* Exercise directions
The whole listing should come back exactly as written, except for the pictures.

* Given data
..............................

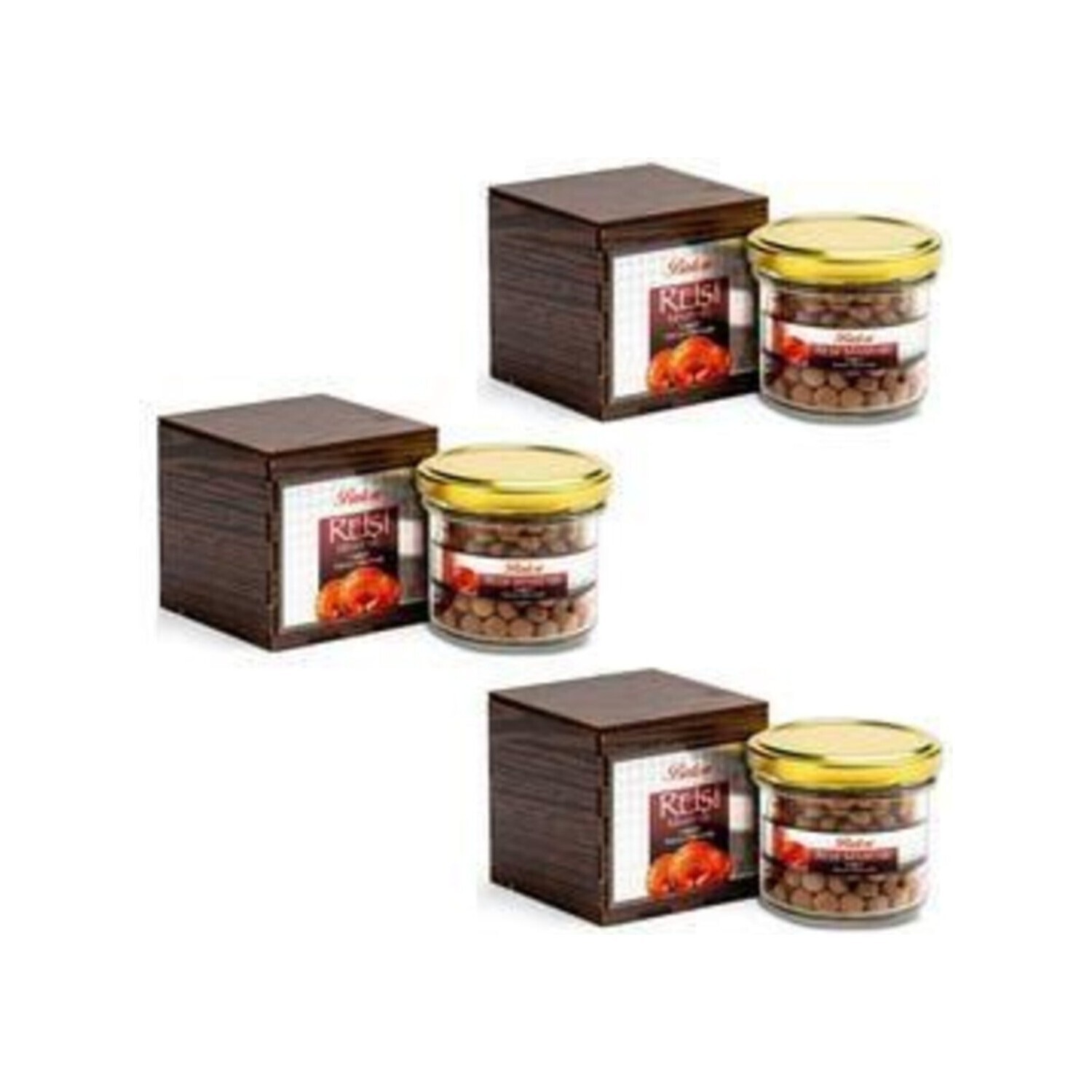 

Добавка Balen Reishi Mushroom 300 мг, 3 упаковки по 200 штук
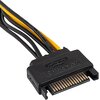 Adapter SATA - PCI Express AKYGA AK-CA-80 0.15 m Typ SATA - PCI Express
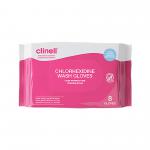 Clinell Chlorhexidine Wash Glove Pk8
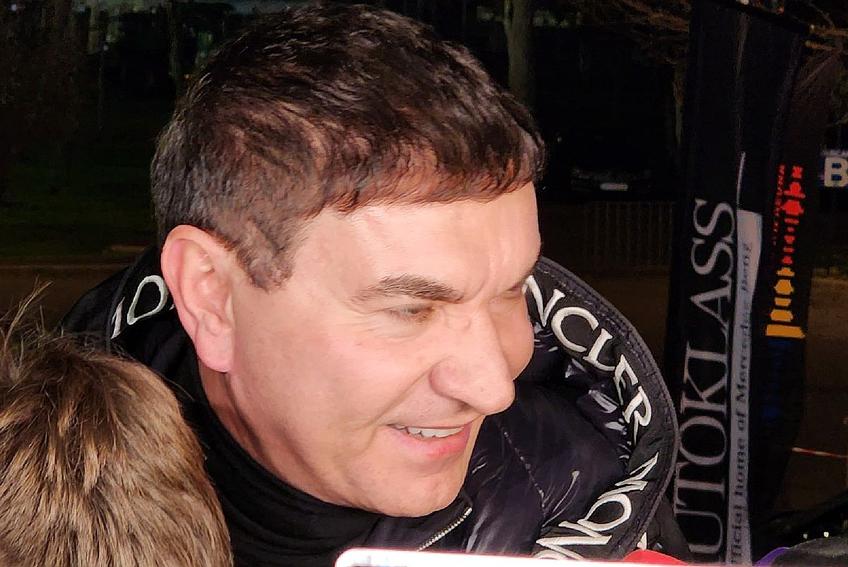 Cristi Borcea, înaintea amicalului România - Irlanda de Nord / foto: Sergiu Alexandru (Gazeta Sporturilor)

..............................

* Expected output
Добавка Balen Reishi Mushroom 300 мг, 3 упаковки по 200 штук
 Adapter SATA - PCI Express AKYGA AK-CA-80 0.15 m Typ SATA - PCI Express
 Clinell Chlorhexidine Wash Glove Pk8
 Cristi Borcea, înaintea amicalului România - Irlanda de Nord / foto: Sergiu Alexandru (Gazeta Sporturilor)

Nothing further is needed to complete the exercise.